:: DATA ::

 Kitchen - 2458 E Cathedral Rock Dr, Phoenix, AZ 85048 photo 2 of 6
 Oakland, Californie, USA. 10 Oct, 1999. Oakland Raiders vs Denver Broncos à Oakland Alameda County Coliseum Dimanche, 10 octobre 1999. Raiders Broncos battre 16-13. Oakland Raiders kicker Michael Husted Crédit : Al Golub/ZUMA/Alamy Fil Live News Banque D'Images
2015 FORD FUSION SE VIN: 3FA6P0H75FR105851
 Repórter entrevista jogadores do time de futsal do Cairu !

==

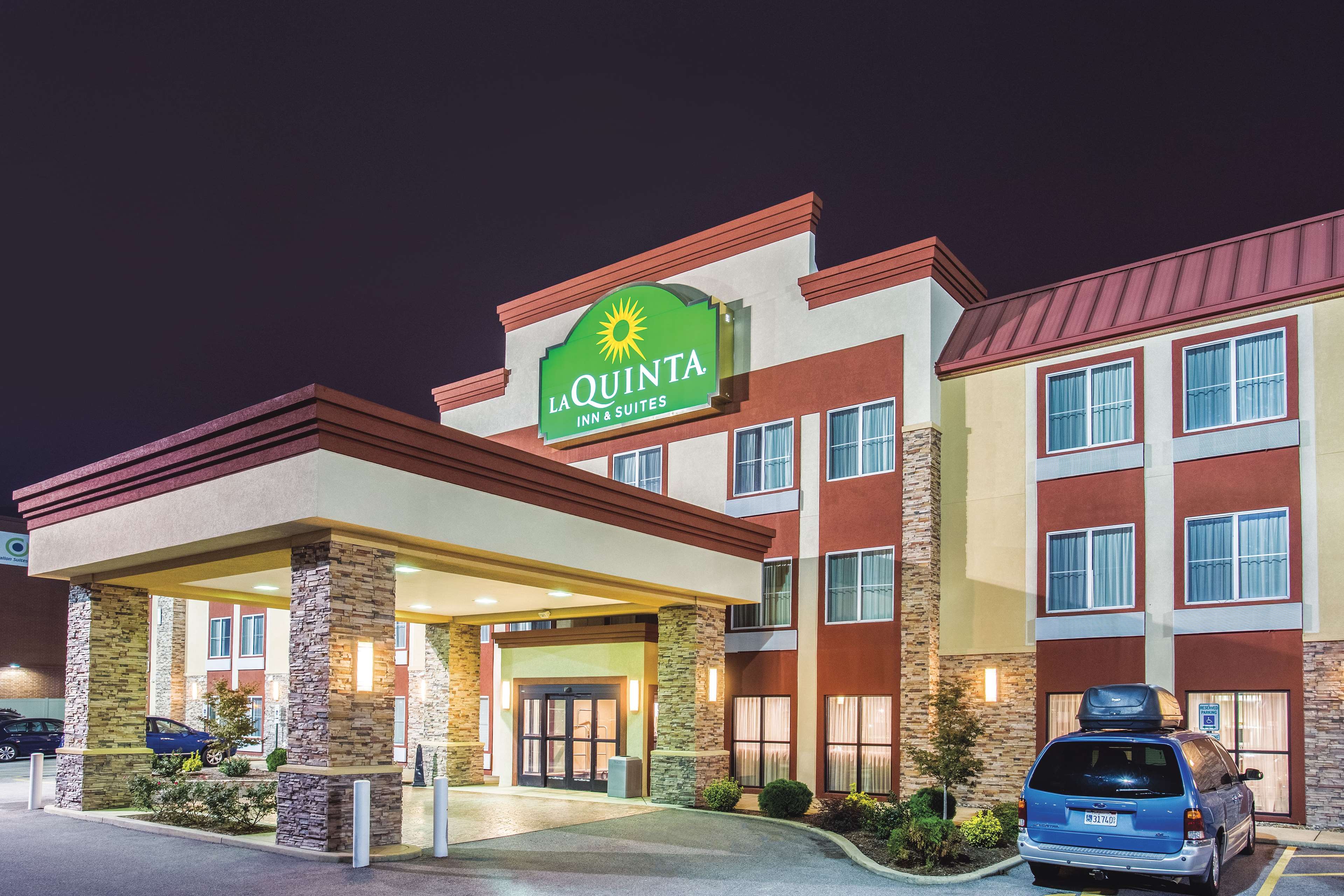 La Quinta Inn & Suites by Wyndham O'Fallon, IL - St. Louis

:: WORK ORDER ::
Give back, exactly as written, the stretch from the line with "Kitchen - 2458" through the line with "Repórter entrevista jogadores", and no other lines from the records above.

:: WRITTEN RESPONSE ::
 Kitchen - 2458 E Cathedral Rock Dr, Phoenix, AZ 85048 photo 2 of 6
 Oakland, Californie, USA. 10 Oct, 1999. Oakland Raiders vs Denver Broncos à Oakland Alameda County Coliseum Dimanche, 10 octobre 1999. Raiders Broncos battre 16-13. Oakland Raiders kicker Michael Husted Crédit : Al Golub/ZUMA/Alamy Fil Live News Banque D'Images
2015 FORD FUSION SE VIN: 3FA6P0H75FR105851
 Repórter entrevista jogadores do time de futsal do Cairu !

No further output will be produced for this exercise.